Débat : Mayotte est-elle un vrai département français ?

MANSOUR KAMARDINE , AVOCAT, PRESIDENT DE LES REPUBLICAINS , ANCIEN DEPUTE
Est-ce qu’on n’a pas trompé les Mahorais sur la véritable nature du statut de leur île ? Ces questions ont été posées au cours du récent colloque sur le toilettage institutionnel de Mayotte. Voici l'analyse de Mansour Kamardine, Avocat, Président de Les Républicains et ancien député.
Tout est parti d'une communication d'un des experts invités au colloque, Laurent Tesoka, universitaire, Maître de conférence et directeur de l' Institut de Droit Outre-mer (IDOM).

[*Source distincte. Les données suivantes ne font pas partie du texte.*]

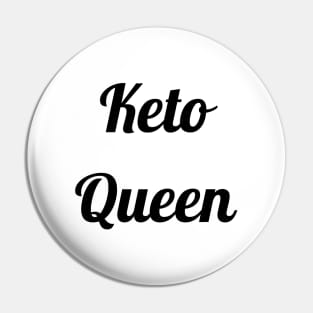 Keto Queen Pin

Il a affirmé que "la collectivité de Mayotte n’ayant jamais exercé le rôle de Région, en tout cas pas juridiquement, n'était pas considérée comme un département tel que le sont La Réunion ou la Guadeloupe."

L'appel de Laurent Tesoka à renommer la collectivité de Mayotte "qui n’est pas un département" a ravivé le débat sur le statut de Mayotte.

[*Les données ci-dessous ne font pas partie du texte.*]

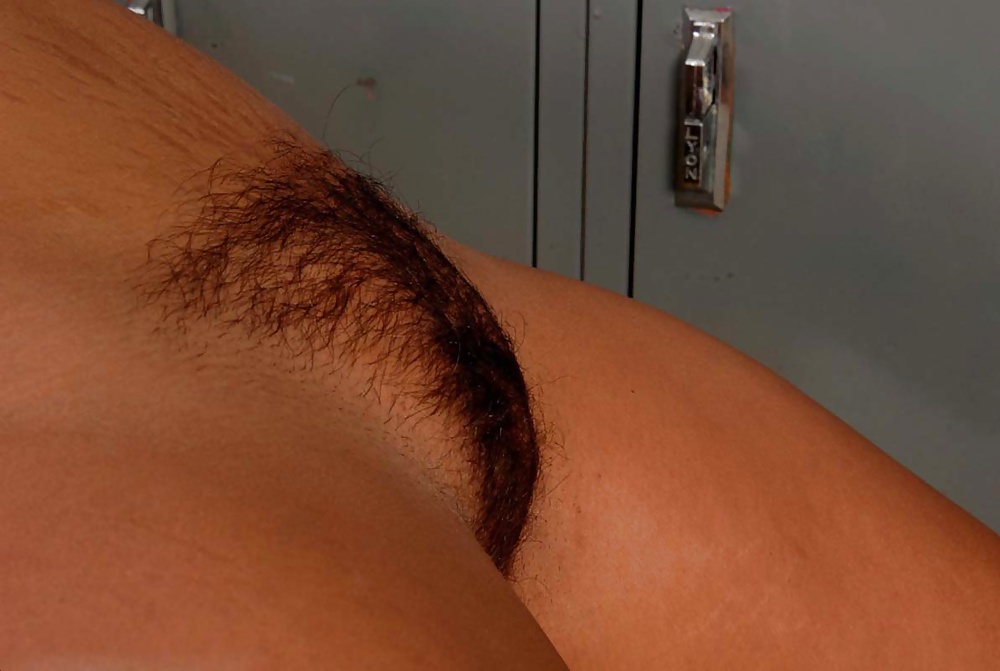 Porn image Hairy - Mix beautiful small hairy pussy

Question de Emmanuel Tusevo Diasamvu : Est-ce que les Mahorais ne sont pas dans le déni alors que les experts leur disent que leur territoire n' est pas un département au sens juridique du terme ?

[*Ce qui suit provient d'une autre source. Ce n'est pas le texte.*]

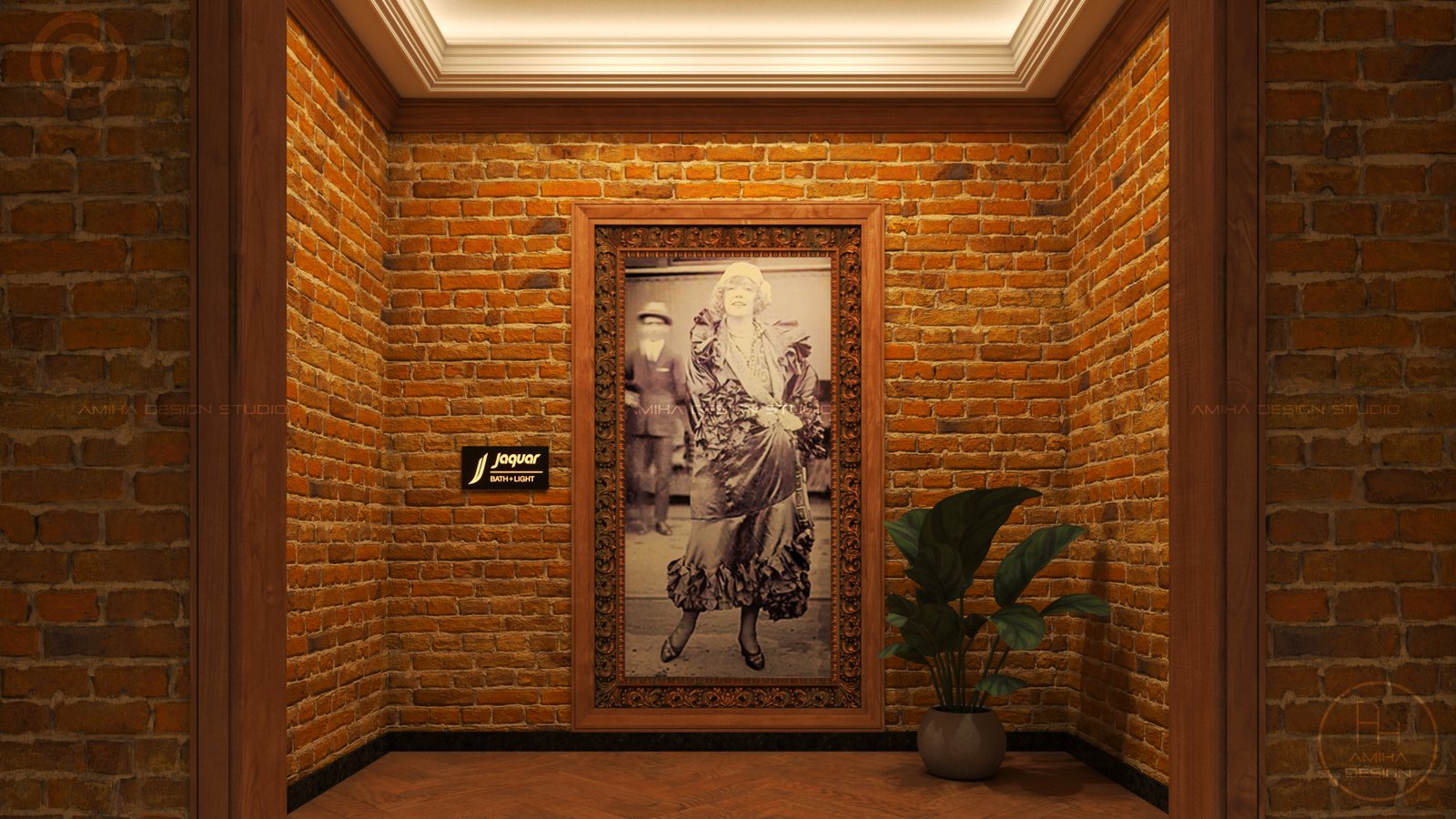Commercial 1 - Manesar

Réponse de Mansour Kamardine : " Revenons aux sources. La départementalisation existe dans la constitution de 1958. Elle a tiré les conséquences des 4 vieux départements d’Outre-mer.
En 1958, les Mahorais ont réclamé la départementalisation, ce qu’elle était alors en 1958. Si on se reporte à 1958,Mayotte est bel et bien un département. Il se trouve que depuis 1958, les institutions ont évolué...donc, je dirai que le statut de Mayotte est un statut de département.
Les institutions régissant le département de Mayotte sont les institutions, je dirais, d'une collectivité à statut unique et j’ajoute qu’aucune tromperie n’avait lieu puisque la question qui était posée en 2009 était claire.

Des statuts à la carte en Outre-mer


Mansour Kamardine : Je rappelle également que  l’accord du 27 janvier 2000, le fameux katiba avait bien dit que nous évoluerons dans le cadre d’une assemblée unique. Donc, on a été des précurseurs. Tous les autres viennent vers nous et donc finalement, nos statuts à nous, ca sera les statuts de droit commun. Et ça, c'est la traduction de ce fameux discours de Madiana de 2000 lorsque le Président Chirac est allé là-bas pour dire que l’uniformité des statuts a vécu, il nous faut désormais, outre-mer, des statuts à la carte. Donc, le statut du département de la Guyane est différent du statut du département de La Réunion, différent du statut du département de La Martinique, différent du statut du département de la Guadeloupe, et donc, le statut du département de Mayotte est différent des statuts  que connaissent les 4 vieux départements également.

J’ajoute que les départements d’outre-mer, bien qu’on parlait d’un même statut, les départements d'outre-mer étaient toujours, disons, spécifiques par rapport aux départements de métropole. Par exemple, les statuts d’outre-mer avaient beaucoup de compétences que les départements de métropole.Donc, je crois qu'il n’y a pas eu tromperie sur la marchandise.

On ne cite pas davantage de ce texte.